La comparaison est osée mais il n'en demeure pas moins que Reverend Bizarre fut au Doom ce que Dream Theater est au metal progressif, soit une espèce de figure tutélaire avide de marathons discographiques. Encore une fois, Crush The Insects, seconde enclume (très) longue durée de nos trois vicaires préférés, est remplie jusqu'à la gueule (73 minutes pour seulement huit pistes !) et délivre son quota de plomb.
Préparé par un single de plus de 20 minutes (?), Slave Of Satan, et précédé par des palettes entières de rondelles diverses (splits, réédition de la démo désormais culte Slice Of Doom sans compter les "EP" Harbinger Of Metal et Return To The Rectory), destinées à étancher la soif de ses fans toujours plus nombreux, cet album poursuit le programme élaboré depuis la gestation du groupe, second côté d'un édifice qui en comportera trois. Il voit ses auteurs sculpter leur doom apocalyptique tout en faisant remonter à la surface des racines NWOBHM qui ne faisaient jusqu'à présent qu'affleurer à la surface. Les trois premières cartouches le prouvent.
Courts (selon les standards du trio, s'entend), "Doom Over The World", une sorte d'hymne qui a quasiment valeur de manifeste, "The Devil Rides Out" et son accélération finale à la old Maiden et "Cromwell" transpirent par tous leurs pores ce fluide Heavy et roots que le révérend sait transcender et s'approprier, parvenant à le couler dans son creuset tellurique.
Après ce début des plus accrocheurs, eu égard aux habituels canons en vigueur chez nos Finlandais, "Slave Of Satan" (ici proposé dans sa version "expurgée" de seulement 13 minutes !), forme la première étape d'une marche de pénitents. Le titre progresse à la vitesse d'une limace ayant absorbé du Valium par boîte de 12 et c'est une pesanteur digne d'une fin du monde qui semble s'abattre tout doucement sur nous.

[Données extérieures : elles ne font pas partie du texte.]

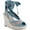 Medium Blue, variant on Guess Womens Halona Denim Peep Toe Wedge Sandals
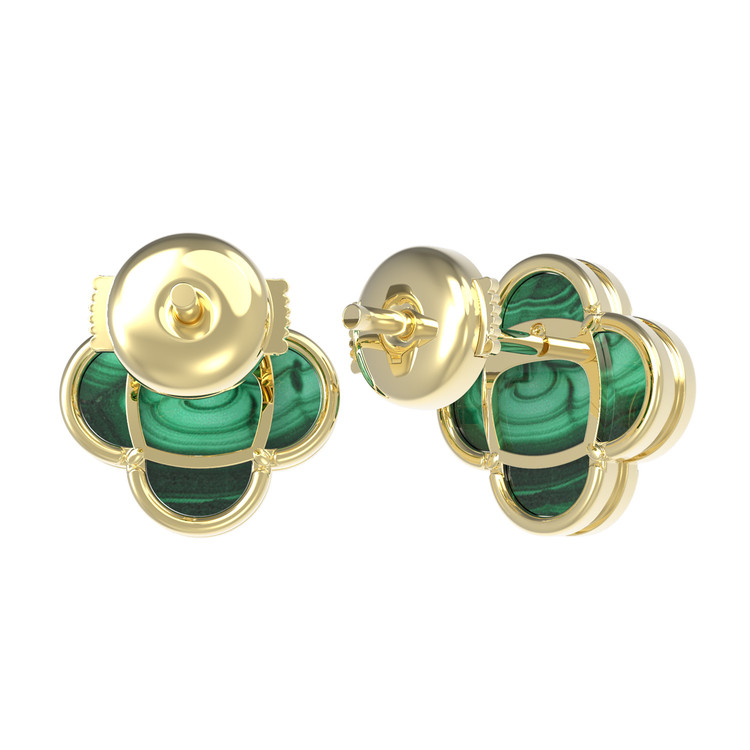 Серьги из лимонного золота c малахитом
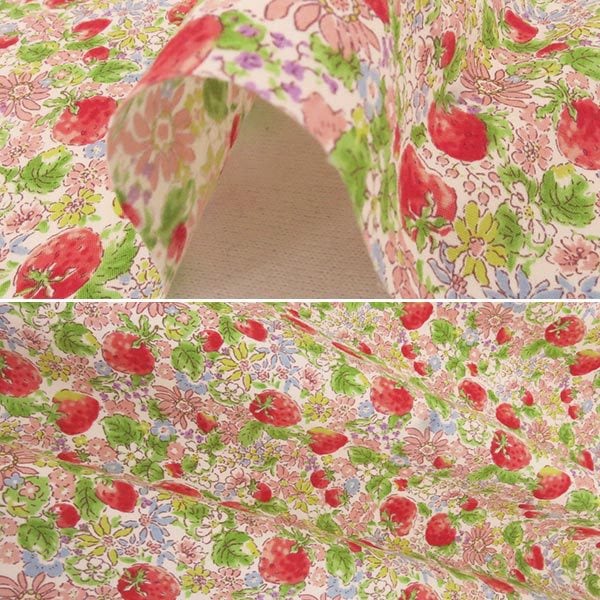 [From quantity 5] Fabric "Broad strawberry and flower KTS6025-A" COTTON KOBAYASHI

Tandis que "Concil Of Ten" et plus encore "Fucking Wizard" sont directement alimentés à la source du genre, c'est-à-dire le Black Sabbath originel, référence évidente durant leurs finals du feu de dieu, "By This Axe I Rule" illustre le schéma qu'affectionne souvent le groupe : un rythme lent et plombé pour ne pas dire monolithique puis une échappée en fin de parcours avant que la lumière ne s'éteignent de nouveau ou non.
Batterie primitive, basse pleine de rondeur, guitare porteuse de toute la misère du monde et chant habité définissent une musique à nulle autre pareil, tant les trois et indivisibles musiciens ont une manière bien à eux de jouer sur la durée, d'emplir l'espace, d'étirer jusqu'au bord de la rupture des motifs pourtant d'une simplicité exemplaire. A ce titre "Eternal Forest, qui ferme (presque) le cercueil de ses clous recouverts d'une rouille d'inexorabilité, est un modèle du genre. Miné par une tristesse infinie, il est une interminable procession d'une linéarité aussi absolue qu'admirable qu'aucune cassure ni influence extérieure ne viennent faire dévier de sa route vers une conclusion qui ne peut qu'être funeste et sans retour. Une leçon.
Moins surprenant et tout simplement plus accessible que le mythologique In The Recory Of The Bizarre Reverend dont l'onde sismique se fait encore ressentir, Crush The Insects a l'assurance tranquille d'artistes qui savent qu'ils sont uniques et presque inhumains.